Chemometrics in Spectroscopy Linearity in Calibration: Quantifying Non-linearity

This column presents results from some computer experiments designed to assess a method of quantifying the amount of non-linearity present in a dataset, assuming that the test for the presence of non-linearity already has been applied and found that a measurable, statistically significant degree of non-linearity exists.
Dec 01, 2005


Jerome Workman Jr. & Howard Mark
In our last few columns (1–4), we discussed shortcomings of current methods used to assess the presence of non-linearity in data, and presented a new method that addresses those shortcomings. This new method is statistically sound, provides an objective means to determine if non-linearity is present in the relationship between two sets of data, and is inherently suitable for implementation as a computer program.

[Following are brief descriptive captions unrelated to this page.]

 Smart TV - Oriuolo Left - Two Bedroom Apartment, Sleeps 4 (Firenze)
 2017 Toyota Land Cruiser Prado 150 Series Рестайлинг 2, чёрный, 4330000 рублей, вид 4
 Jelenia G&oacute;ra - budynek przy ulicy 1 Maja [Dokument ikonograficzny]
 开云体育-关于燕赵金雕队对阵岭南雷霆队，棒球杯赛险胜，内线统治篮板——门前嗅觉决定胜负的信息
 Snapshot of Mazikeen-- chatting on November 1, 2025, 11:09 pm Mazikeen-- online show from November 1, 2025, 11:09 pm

A shortcoming of the method presented is one that it has in common with virtually all statistical tests: while it provides a means of unambiguously and objectively determining the presence of non-linearity, if we find that non-linearity is present, it does not address the question of how much non-linearity is present. This column, therefore, presents results from some computer experiments designed to assess a method of quantifying the amount of non-linearity present in a data set, assuming that the test for the presence of non-linearity already has been applied and found that indeed, a measurable, statistically significant degree of non-linearity exists.

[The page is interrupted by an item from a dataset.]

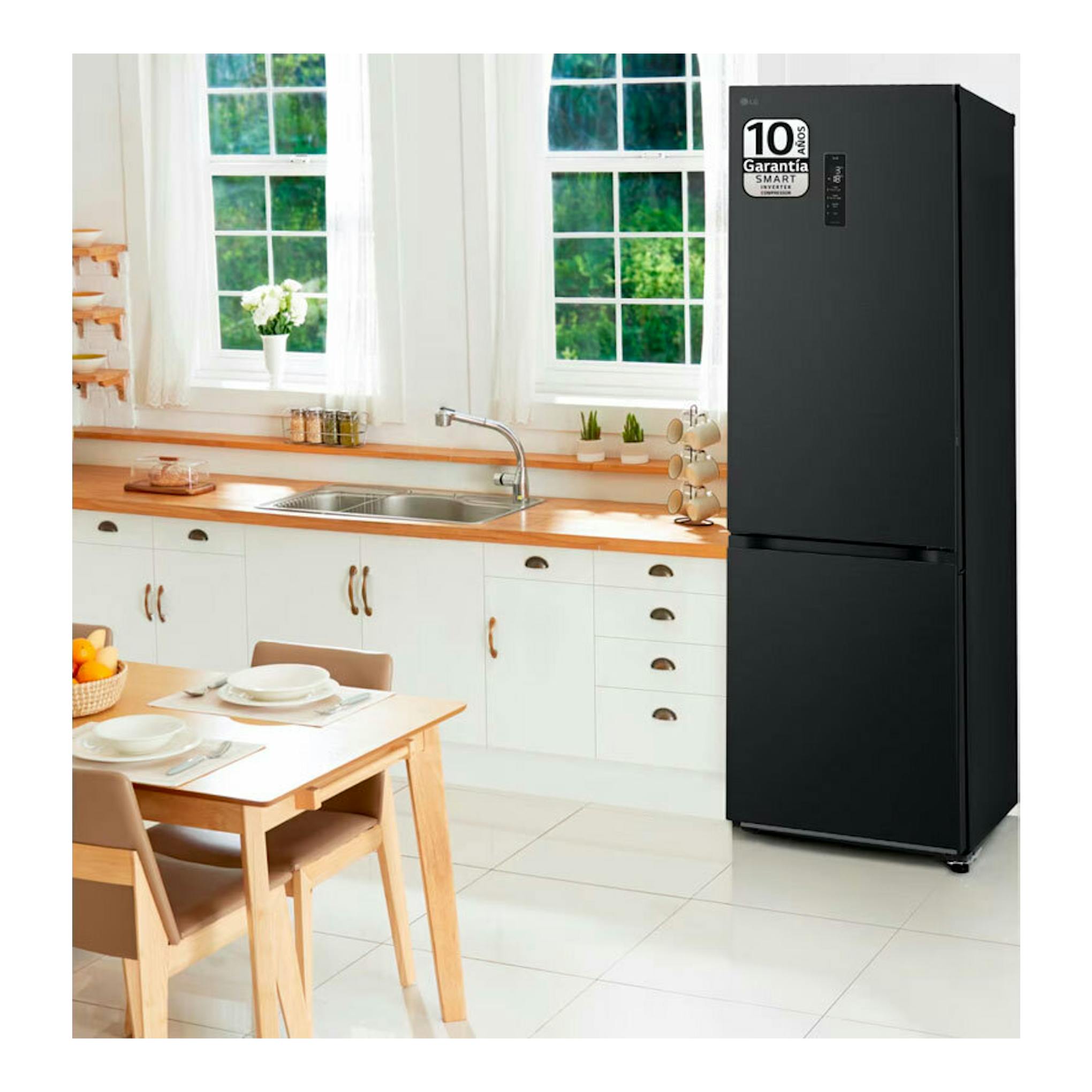 Frigorífico combi LG GBV5250DEP negro, vista frontal en cocina luminosa.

The spectroscopic community, and indeed, the chemical community at large, is not the only group of scientists concerned with these issues. Other scientific disciplines also are concerned with ways to evaluate methods of chemical analysis. Notable among them are the pharmaceutical communities and the clinical chemistry communities. In those communities, considerations of the sort we are addressing are even more important, for at least two reasons:

  • These disciplines are regulated by governmental agencies, especially the Food and Drug Administration. In fact, it was considerations of the requirements of a regulatory agency that created the impetus for this series of columns in the first place (1).
  • The second reason is what drives the whole effort of ensuring that everything that is done, is done "right." An error in an analytical result can conceivably, in literal fact, cause illness or even death.

Thus, the clinical chemistry community also has investigated issues such as the linearity of the relationship between test results and actual chemical composition, and an interesting article provides the impetus for creating a method of assessing the degree of non-linearity present in the relationship between two sets of data (5).

Degree of Non-linearity

The basis for this calculation of the amount of non-linearity is illustrated in Figure 1. In Figure 1a, we see a set of data showing some non-linearity between the test results and the actual values. If a straight line and a quadratic polynomial both are fit to the data, then the difference between the predicted values from the two curves gives a measure of the amount of non-linearity. Figure 1a shows data subject to both random error and nonlinearity, and the different ways linear and quadratic polynomials fit the data. As shown in Figure 1a, at any given point, there is a difference between the two functions that represents the difference between the Y-values corresponding to a given X-value.

Figure 1b shows that irrespective of the random error of the data, the difference between the two functions depends only upon the nature of the functions and can be calculated from the difference between the Y-values corresponding to each X-value. If there is no non-linearity at all, then the two functions will coincide, and all the differences will be zero. Increasing amounts of non-linearity will cause increasingly large differences between the values of the two functions corresponding to each X-value, and these can be used to calculate the nonlinearity.